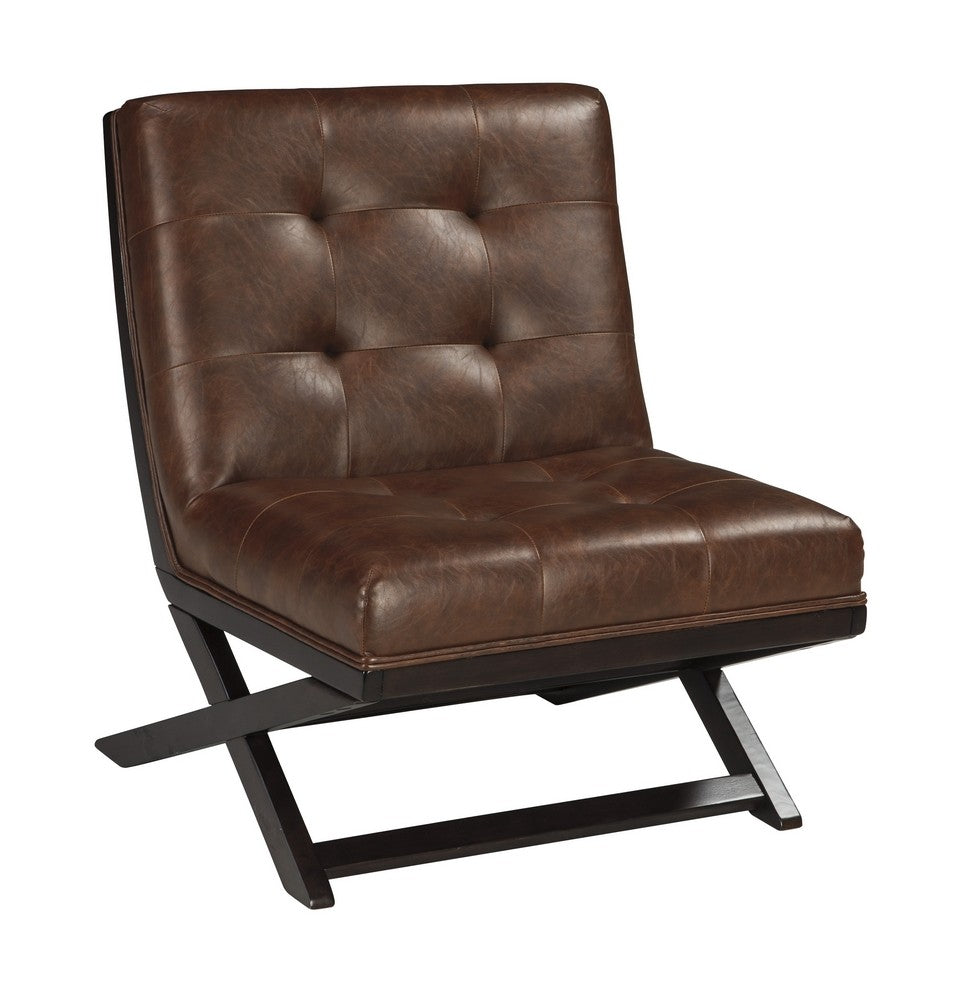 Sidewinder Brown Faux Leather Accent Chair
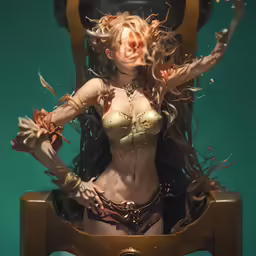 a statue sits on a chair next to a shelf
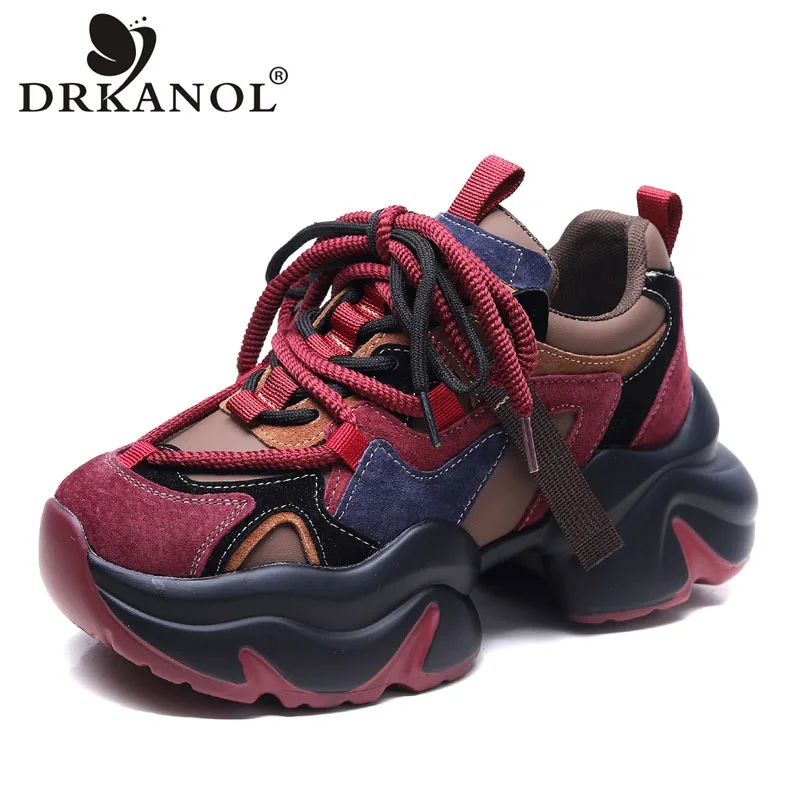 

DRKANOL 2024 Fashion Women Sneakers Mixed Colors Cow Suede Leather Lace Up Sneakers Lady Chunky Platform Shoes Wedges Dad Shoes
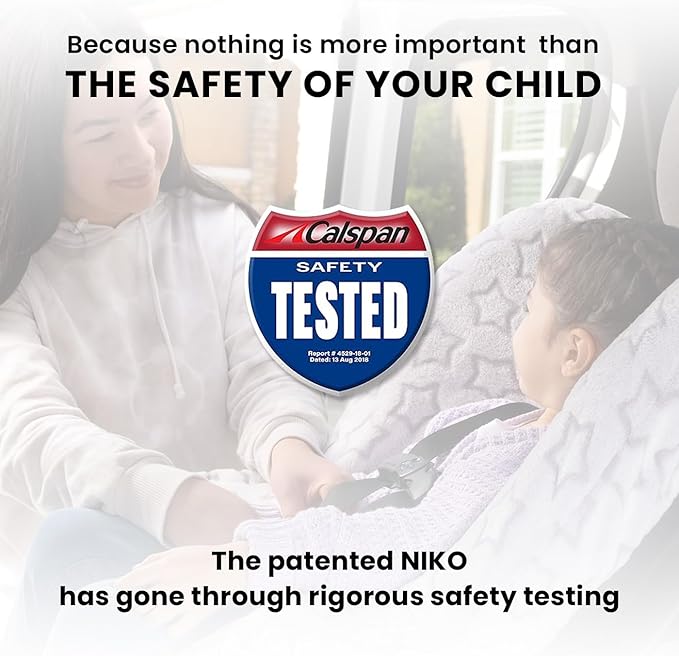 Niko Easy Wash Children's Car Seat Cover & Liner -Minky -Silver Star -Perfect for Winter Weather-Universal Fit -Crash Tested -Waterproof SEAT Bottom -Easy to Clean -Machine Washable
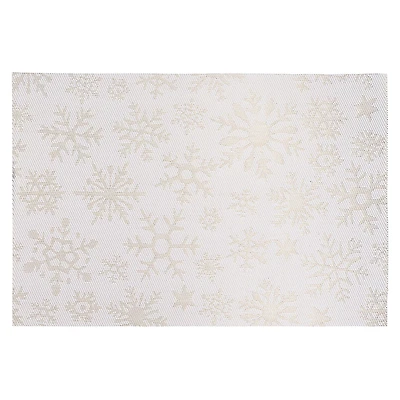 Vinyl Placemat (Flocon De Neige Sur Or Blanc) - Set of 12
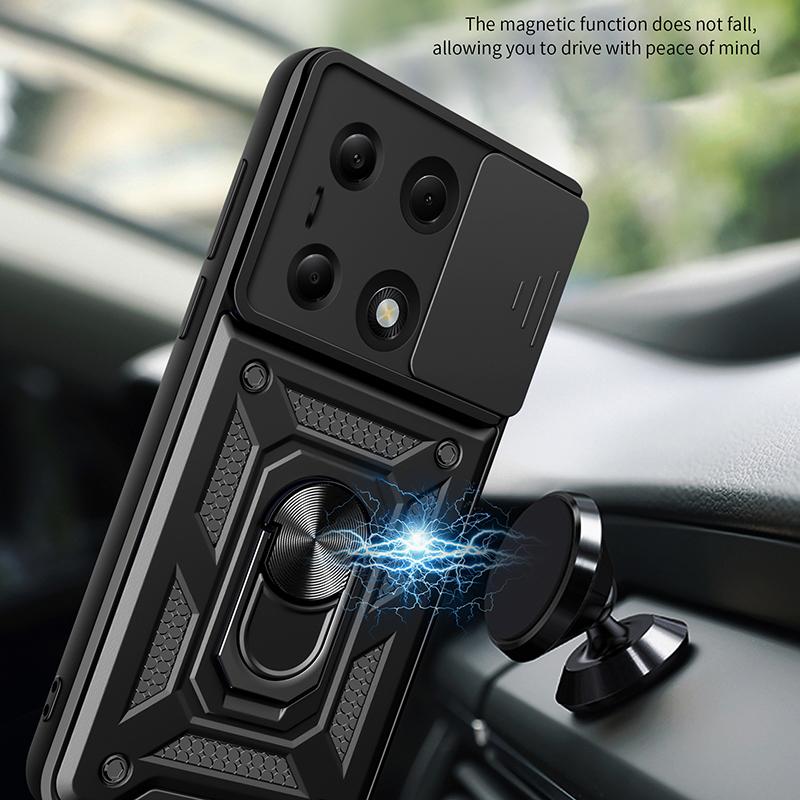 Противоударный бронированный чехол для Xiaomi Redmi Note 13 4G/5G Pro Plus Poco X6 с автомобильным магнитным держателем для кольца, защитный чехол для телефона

○ ○ ○ ○ ○

What you are asked to do –
Where a picture appears, skip it and copy the rest of the data word for word.

Answer box –
 Sidewinder Brown Faux Leather Accent Chair
 a statue sits on a chair next to a shelf

DRKANOL 2024 Fashion Women Sneakers Mixed Colors Cow Suede Leather Lace Up Sneakers Lady Chunky Platform Shoes Wedges Dad Shoes
 Niko Easy Wash Children's Car Seat Cover & Liner -Minky -Silver Star -Perfect for Winter Weather-Universal Fit -Crash Tested -Waterproof SEAT Bottom -Easy to Clean -Machine Washable
 Vinyl Placemat (Flocon De Neige Sur Or Blanc) - Set of 12
 Противоударный бронированный чехол для Xiaomi Redmi Note 13 4G/5G Pro Plus Poco X6 с автомобильным магнитным держателем для кольца, защитный чехол для телефона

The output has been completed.